### Data in this exercise:
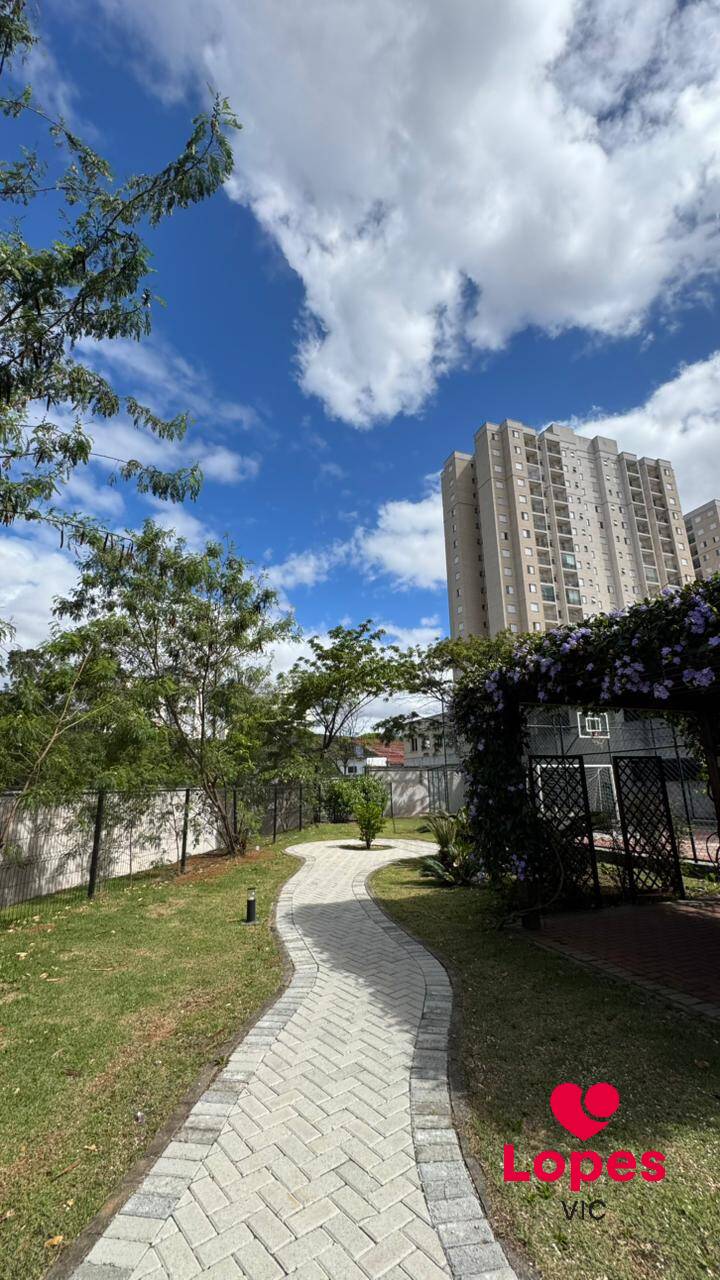 APARTAMENTO PARA VENDA- PENHA SP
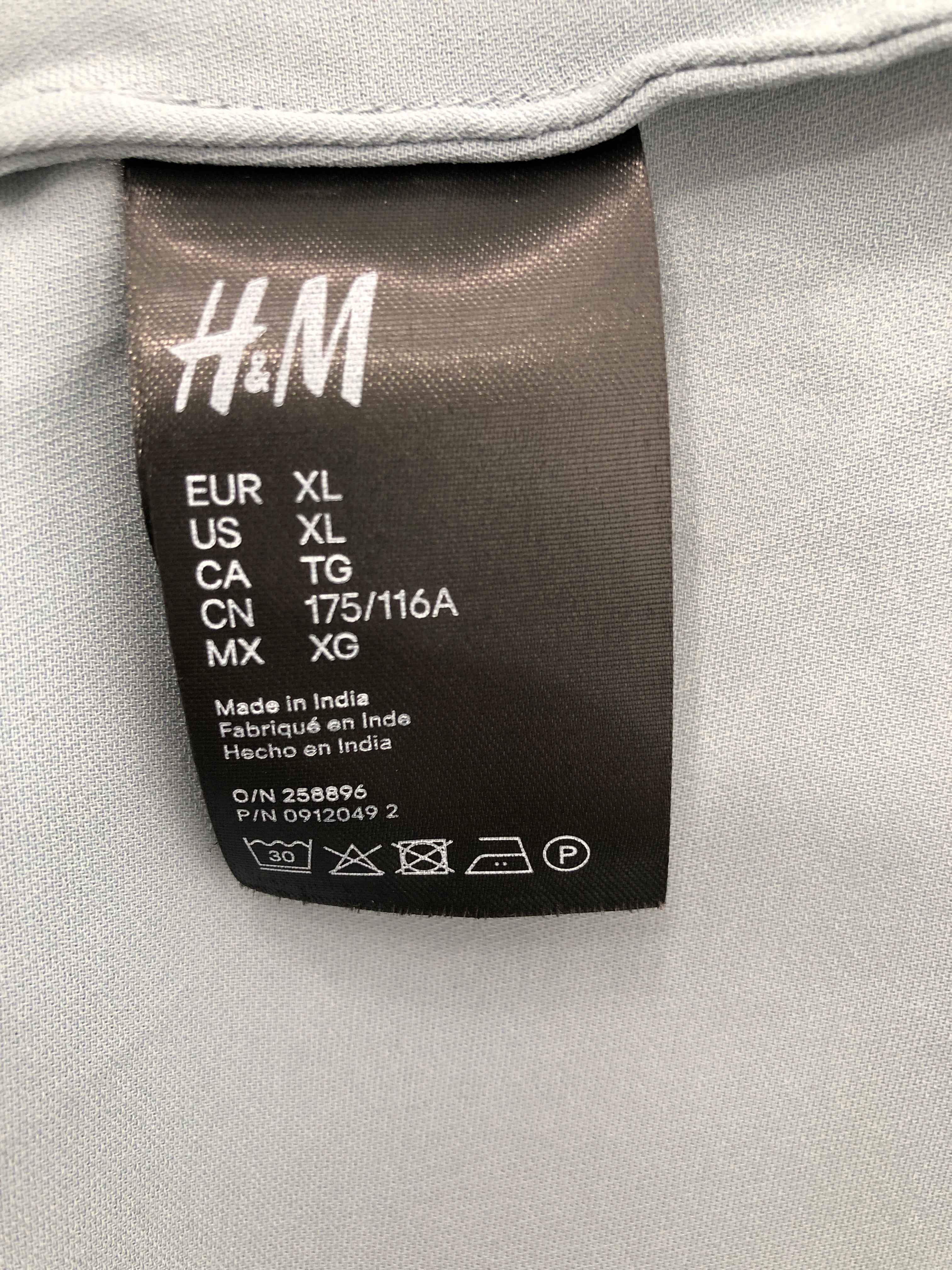H&M Bluse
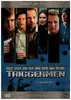 DVD - Neil Morrissey / Donnie Wahlberg a.o. - Triggermen - German / English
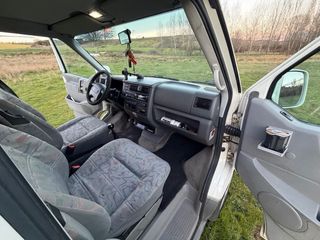 Volkwsgen multivan allstar 2.5 acv vw t4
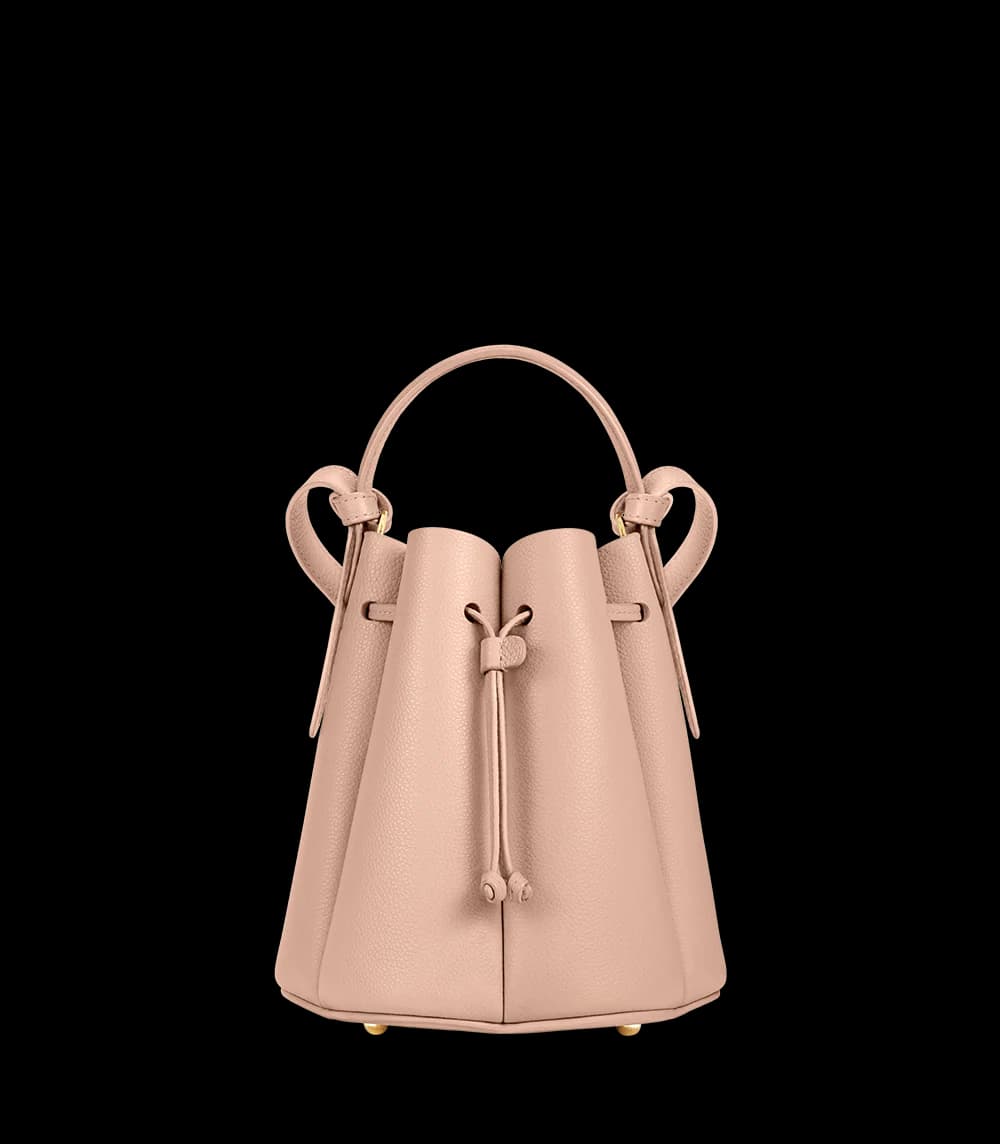 Nude Grained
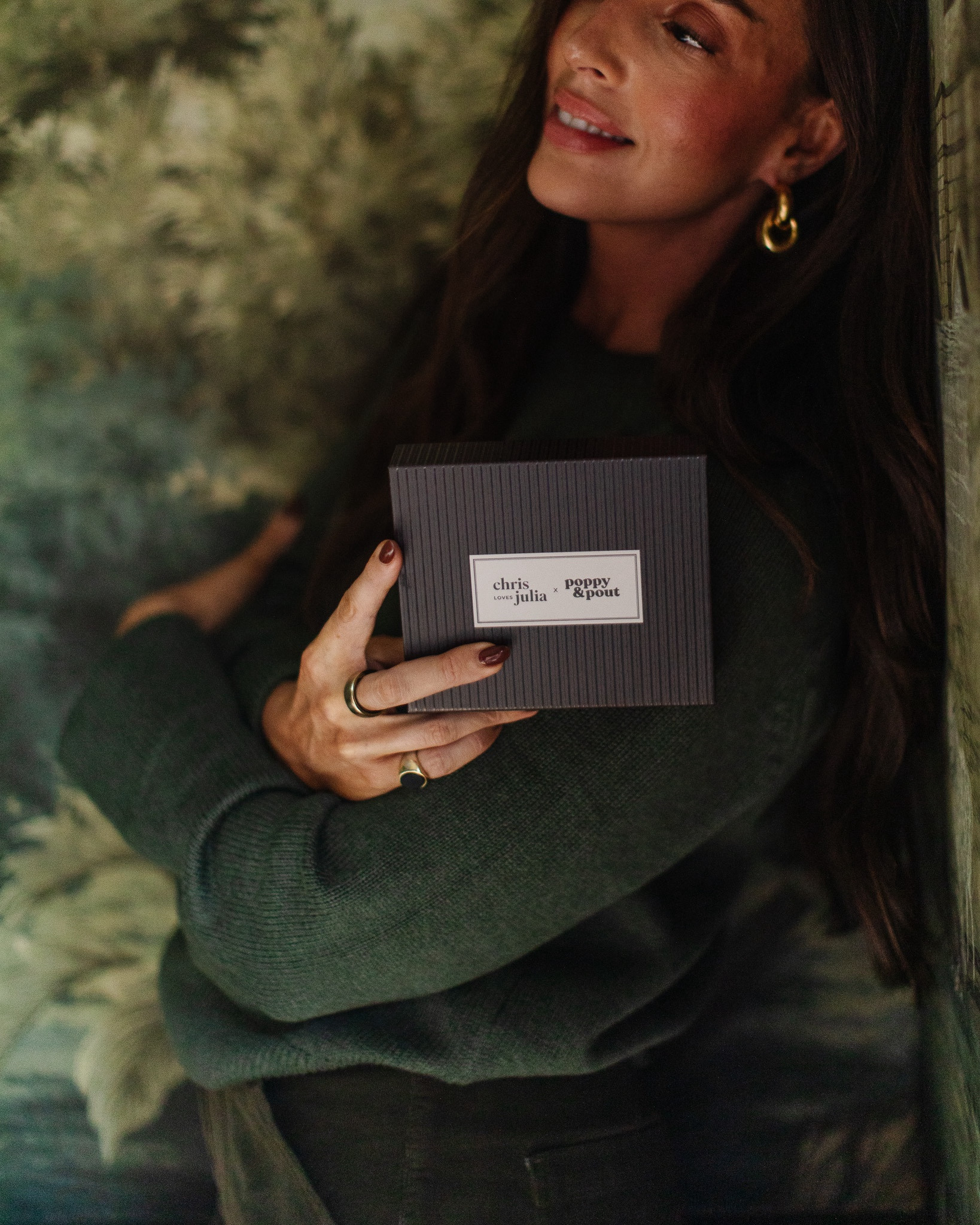 The CLJ x Poppy & Pout Lip Balm Trio is here! Linked the limited edition set below 🖤

#LTKFindsUnder50 #LTKBeauty #LTKSeasonal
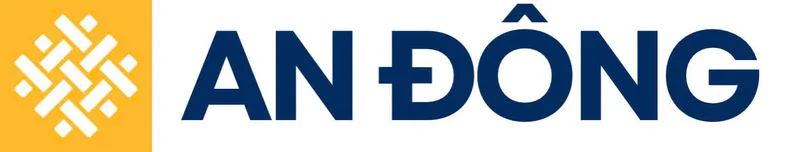 Logo Công Ty TNHH Thương Mại Vật Liệu An Đông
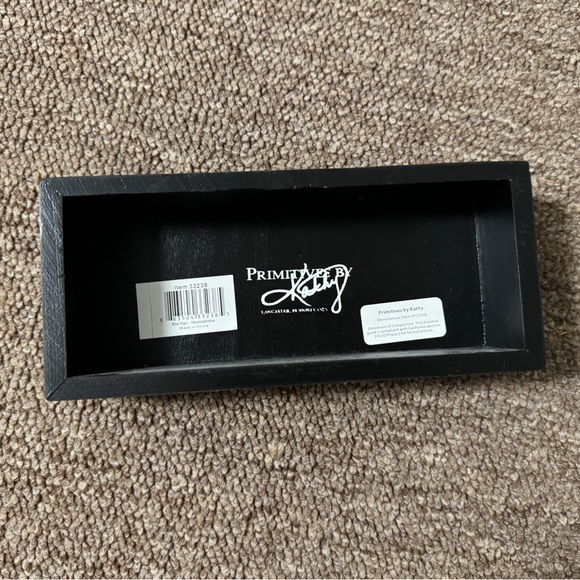 Wine sign decor - Picture 2 of 3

### Instructions for the task:
Output every record above exactly, leaving out the pictures.

### Exercise solution:
 APARTAMENTO PARA VENDA- PENHA SP
H&M Bluse
 DVD - Neil Morrissey / Donnie Wahlberg a.o. - Triggermen - German / English
 Volkwsgen multivan allstar 2.5 acv vw t4
 Nude Grained
 The CLJ x Poppy & Pout Lip Balm Trio is here! Linked the limited edition set below 🖤

#LTKFindsUnder50 #LTKBeauty #LTKSeasonal
 Logo Công Ty TNHH Thương Mại Vật Liệu An Đông
 Wine sign decor - Picture 2 of 3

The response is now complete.